Let’s call this language L.

An essay in L would not be very interesting.  As an example of such a fine piece of work would be:

“This book is not good but is rather bad. This dog is not bad but is rather good.  This car is not good but is rather bad.  This mathematician is not bad but is rather good.  Etc etc”

 We encoded this into the following: {n,g,b} would be the alphabet (if one is thinking of things in terms of language theory) or dictionary (if one is thinking of things in terms of sentiment).
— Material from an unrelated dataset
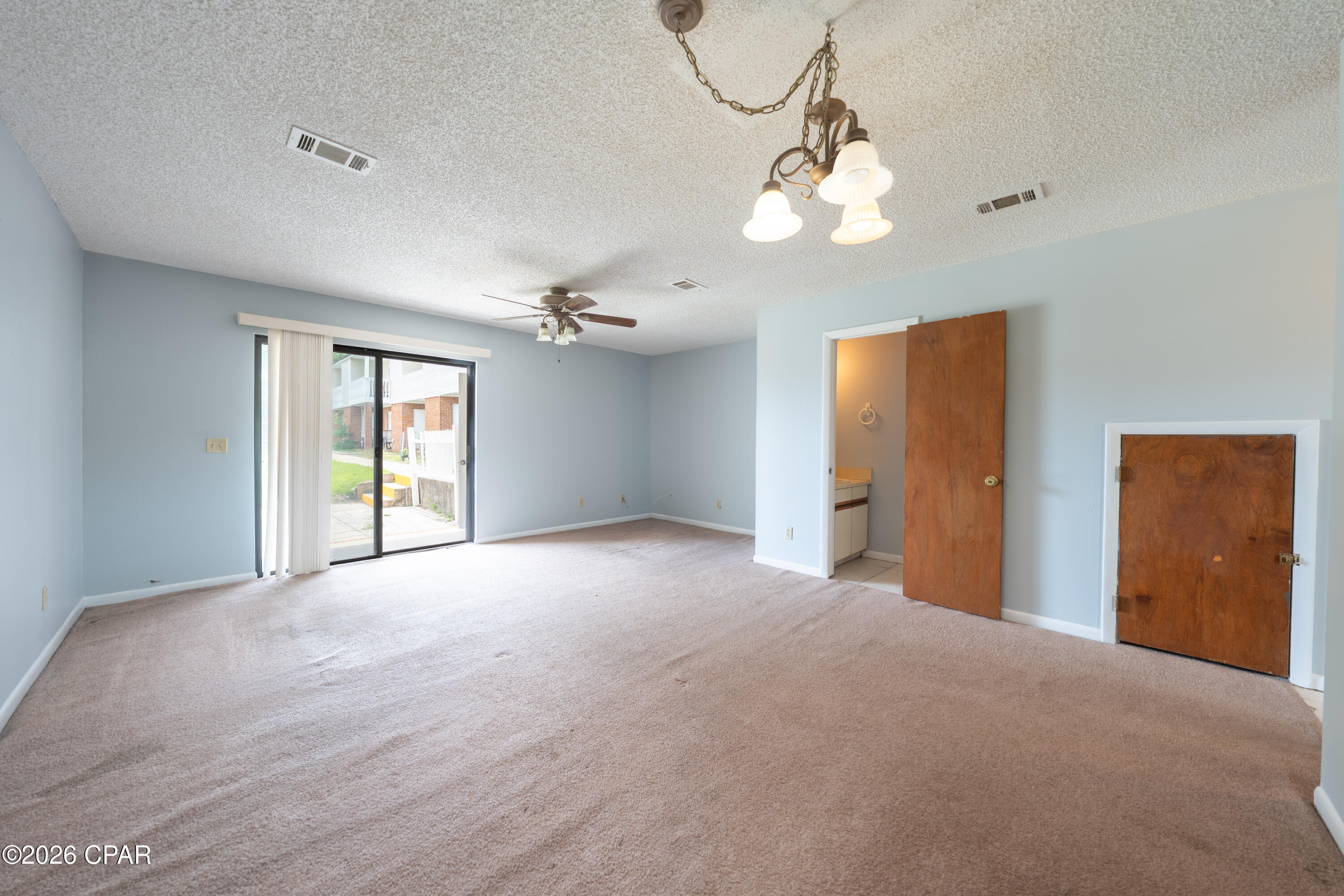 Landing At Lake Caroline - Residential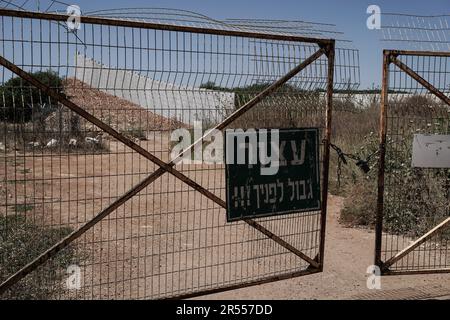 Shtula, Israel. 31. Mai 2023. An der nördlichen Grenze Israels zum Libanon, einer 7 Meter hohen Betonwand, wird derzeit eine physische Barriere gebaut, auf der technische und waffenfähige Gegenmaßnahmen installiert werden sollen, um eine Infiltration zu verhindern. Lücken in der Wand werden mit einer provisorischen Barriere geschlossen. Da die Spannungen mit dem Iran und seinem libanesischen Stellvertreter der Hisbollah eskalieren, deuten israelische Militäranalytiker an, dass ein Ereignis der totalen Kriegsführung bevorsteht. Kredit: Nir Alon/Alamy Live News Stockfoto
I’m simplifying as n could be any noun from some set of nouns, but we lose no mathematical generality by assuming one noun in what follows.  

 In Part III-a, I drew a rather ugly looking automaton that recognizes L.  The diagram below to the left is a much cleaner representation of the same automaton, but I have not included (the important) state that represents “Gibberish”.   An automaton by definition has the property that for every state and every letter, there is an “arrow” emanating from that state to another state and labeled with that letter.  Thus, as a convention here, anywhere you don’t see a letter-labelled arrow emanating from a state, this will mean there should be an arrow labelled with that letter going into (an invisible) “Gibberish” state.  This convention is driven purely by a desire to make the diagrams pretty and less cluttered.  The other point is that I carefully noted in Part III-a that the automaton is an automaton that recognizes L;  It’s not the minimal automaton, since we don’t really need two different accepting states (below left in green).  The automaton on the right, however, is the minimum automaton that recognizes L, and visually we can see that it is obtained by “collapsing” the two accepting states on the left as one state on the right.

 

I get (and someone can check) that the Syntactic Monoid of the language has the following properties (in particular there are 20 elements):

Notes:

  1. I worked out the members by hand.
  2. I got a bit lazy and built a program to compute relations.
  3. I have not listed all relations in the table.
  4. Member whose ID is 5 is a “zero” of the monoid.
  5. Member whose ID is 8 shows the core commutivity relation. I think all other elements of commutivity stem from this.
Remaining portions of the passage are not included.